PROBLEM DESCRIPTION
Word for word, transcribe the lines below and drop the pictures.

INFORMATION SHOWN
++++

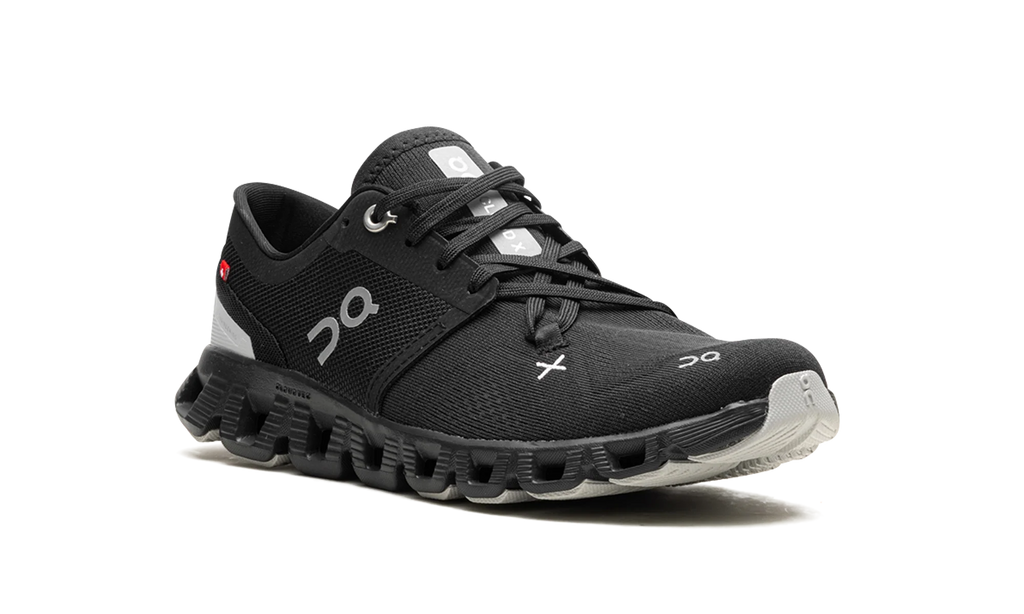 CLOUD X 3 WMNS "Black" 60.98696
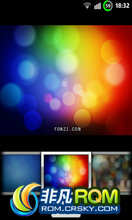Ϊ C8650 ROM-ADW ذ [2.3.3_v7.3][ADWLauncher EX ]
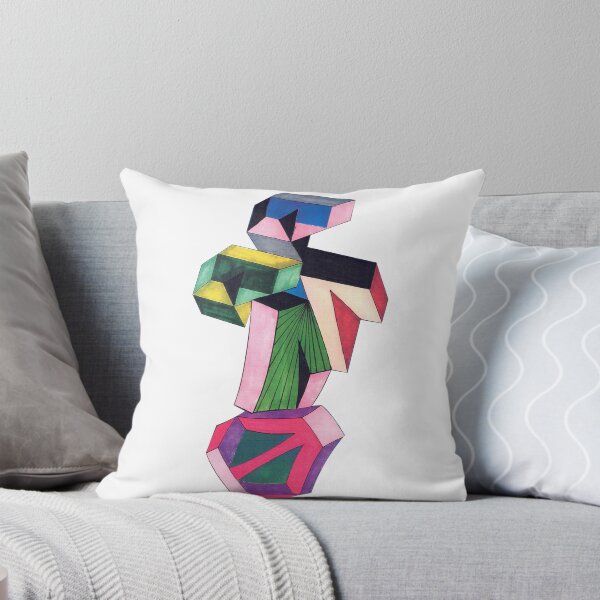 Item preview, Quadradimensional number seven designed and sold by Windowz by Liberty.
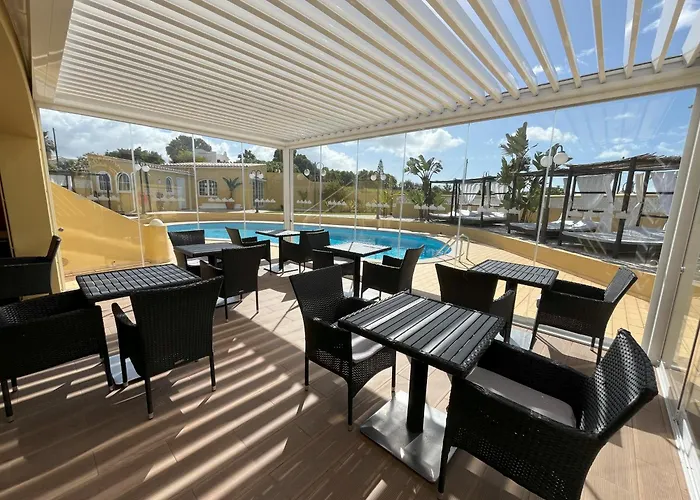 Quinta Nova Relax & Spa - Vale Del Rey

++++

OUTPUT
 CLOUD X 3 WMNS "Black" 60.98696
Ϊ C8650 ROM-ADW ذ [2.3.3_v7.3][ADWLauncher EX ]
 Item preview, Quadradimensional number seven designed and sold by Windowz by Liberty.
 Quinta Nova Relax & Spa - Vale Del Rey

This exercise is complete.